Chris Hadfield experiments with water drops in microgravity

Chris Hadfield experiments with water drops in microgravity NASA/CSA

Space Is Now a Reality TV Show

Chris Hadfield's return from the International Space Station marks a new era for the final frontier.

"Why are people so fascinated with @Cmdr_Hadfield?" the tweeter asked. "Can someone enlighten me?"

The answers were swift and sharp and unsurprising. "Dude, he's a frigging astronaut!" one replied. "Um, he's an astronaut?" another offered. "What else do you need?" Someone else explained things with a little more detail: "He's inspiring a generation of kids (my kids!) to grow up to be scientists & astronauts and not the Kardashians."

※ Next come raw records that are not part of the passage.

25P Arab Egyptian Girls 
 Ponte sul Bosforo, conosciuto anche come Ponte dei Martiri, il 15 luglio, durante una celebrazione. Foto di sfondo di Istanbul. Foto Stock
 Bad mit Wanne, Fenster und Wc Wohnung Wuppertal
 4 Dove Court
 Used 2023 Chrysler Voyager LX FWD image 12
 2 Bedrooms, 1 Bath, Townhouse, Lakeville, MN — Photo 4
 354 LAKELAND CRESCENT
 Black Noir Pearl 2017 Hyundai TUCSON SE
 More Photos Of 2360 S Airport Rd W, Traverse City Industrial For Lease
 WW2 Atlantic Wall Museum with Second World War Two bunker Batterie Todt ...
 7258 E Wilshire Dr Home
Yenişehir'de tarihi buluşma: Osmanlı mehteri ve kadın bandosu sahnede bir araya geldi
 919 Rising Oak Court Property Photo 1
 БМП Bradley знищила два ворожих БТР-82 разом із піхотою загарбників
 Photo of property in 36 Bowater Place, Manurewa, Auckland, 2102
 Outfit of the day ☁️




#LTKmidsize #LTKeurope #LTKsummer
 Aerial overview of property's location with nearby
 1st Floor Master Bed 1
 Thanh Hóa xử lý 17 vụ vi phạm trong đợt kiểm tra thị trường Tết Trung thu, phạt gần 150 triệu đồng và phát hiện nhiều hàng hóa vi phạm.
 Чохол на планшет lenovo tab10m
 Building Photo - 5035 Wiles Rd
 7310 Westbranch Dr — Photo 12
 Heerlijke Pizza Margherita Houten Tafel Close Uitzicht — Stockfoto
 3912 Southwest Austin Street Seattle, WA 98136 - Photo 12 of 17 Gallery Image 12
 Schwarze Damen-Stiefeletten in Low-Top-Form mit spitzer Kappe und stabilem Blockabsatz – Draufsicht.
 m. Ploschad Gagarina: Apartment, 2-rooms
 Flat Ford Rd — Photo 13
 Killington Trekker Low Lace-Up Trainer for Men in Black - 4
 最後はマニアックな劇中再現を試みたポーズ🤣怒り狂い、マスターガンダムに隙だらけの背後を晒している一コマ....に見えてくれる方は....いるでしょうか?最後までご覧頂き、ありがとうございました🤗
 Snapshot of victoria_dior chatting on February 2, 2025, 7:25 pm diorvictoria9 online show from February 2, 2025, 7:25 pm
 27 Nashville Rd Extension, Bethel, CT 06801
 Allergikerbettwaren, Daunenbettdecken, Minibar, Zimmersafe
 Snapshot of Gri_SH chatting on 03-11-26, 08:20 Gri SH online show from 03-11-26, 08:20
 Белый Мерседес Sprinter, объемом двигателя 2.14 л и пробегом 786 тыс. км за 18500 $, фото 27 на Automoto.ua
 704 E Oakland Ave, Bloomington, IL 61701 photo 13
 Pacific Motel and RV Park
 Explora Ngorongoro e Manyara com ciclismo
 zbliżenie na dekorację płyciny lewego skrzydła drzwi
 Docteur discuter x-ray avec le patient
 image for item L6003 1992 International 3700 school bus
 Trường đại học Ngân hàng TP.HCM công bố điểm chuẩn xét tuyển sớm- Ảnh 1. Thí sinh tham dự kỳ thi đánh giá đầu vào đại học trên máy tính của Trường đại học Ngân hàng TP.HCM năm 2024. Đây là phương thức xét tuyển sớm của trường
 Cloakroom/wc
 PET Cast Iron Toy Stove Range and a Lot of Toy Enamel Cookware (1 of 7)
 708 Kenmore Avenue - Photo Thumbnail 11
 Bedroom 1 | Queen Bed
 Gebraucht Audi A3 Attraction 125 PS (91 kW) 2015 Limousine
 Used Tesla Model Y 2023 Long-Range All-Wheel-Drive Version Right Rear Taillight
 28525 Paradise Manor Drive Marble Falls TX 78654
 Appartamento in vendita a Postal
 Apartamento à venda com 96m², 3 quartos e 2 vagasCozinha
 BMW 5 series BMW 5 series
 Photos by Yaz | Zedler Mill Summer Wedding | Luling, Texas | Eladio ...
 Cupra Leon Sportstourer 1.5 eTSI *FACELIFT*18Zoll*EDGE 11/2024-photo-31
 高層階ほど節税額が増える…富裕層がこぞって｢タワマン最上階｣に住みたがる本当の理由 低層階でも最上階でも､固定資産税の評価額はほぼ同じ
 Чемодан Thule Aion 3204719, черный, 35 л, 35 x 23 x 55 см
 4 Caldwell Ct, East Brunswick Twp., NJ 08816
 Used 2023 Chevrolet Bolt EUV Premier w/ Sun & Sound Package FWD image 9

Chris Hadfield -- nom de tweet: @cmdr_hadfield -- has been doing more than inspiring people, though. He has also been entertaining them. And delighting them. He has chatted with Captain Kirk. He has covered Bowie. He has written his own music, and performed it. He has publicly celebrated Valentine's Day, and Easter, and St. Patrick's Day, and April Fool's. He has done a mind-boggling number of live chats and Q&As and video explainers. He has led Canada in a national sing-along. And all of these things have shared a remarkable predicate: They have been done, you know, from space. Hadfield has kept a running dialogue with Earth, documenting not just the numinous -- those amazing views! -- but also the mundane: the food. The fun. The exercise. The sleep. The tears. The bathroom situation.

Over the course of 144 days spent on the International Space Station (encompassing 2,336 orbits of the Earth and covering nearly 62 million miles), Hadfield didn't merely do his day job -- conducting more than 130 scientific experimentsabout the effects of microgravity on masses of various types. He also helped to change our concept of what it means to be an astronaut in the first place. He is a space explorer in the Gagarin/Glenn/Armstrong model, but he is something else, too: just a guy. A guy who happens to be in space. Hadfield, availing himself of new technologies that are just beginning to be widely adopted, made space travel seem accessible. He made it seem normal (or, in astronaut-speak, "nominal"). He took it out of the realm of the awe-inspiring and placed it squarely in the realm of the awesome.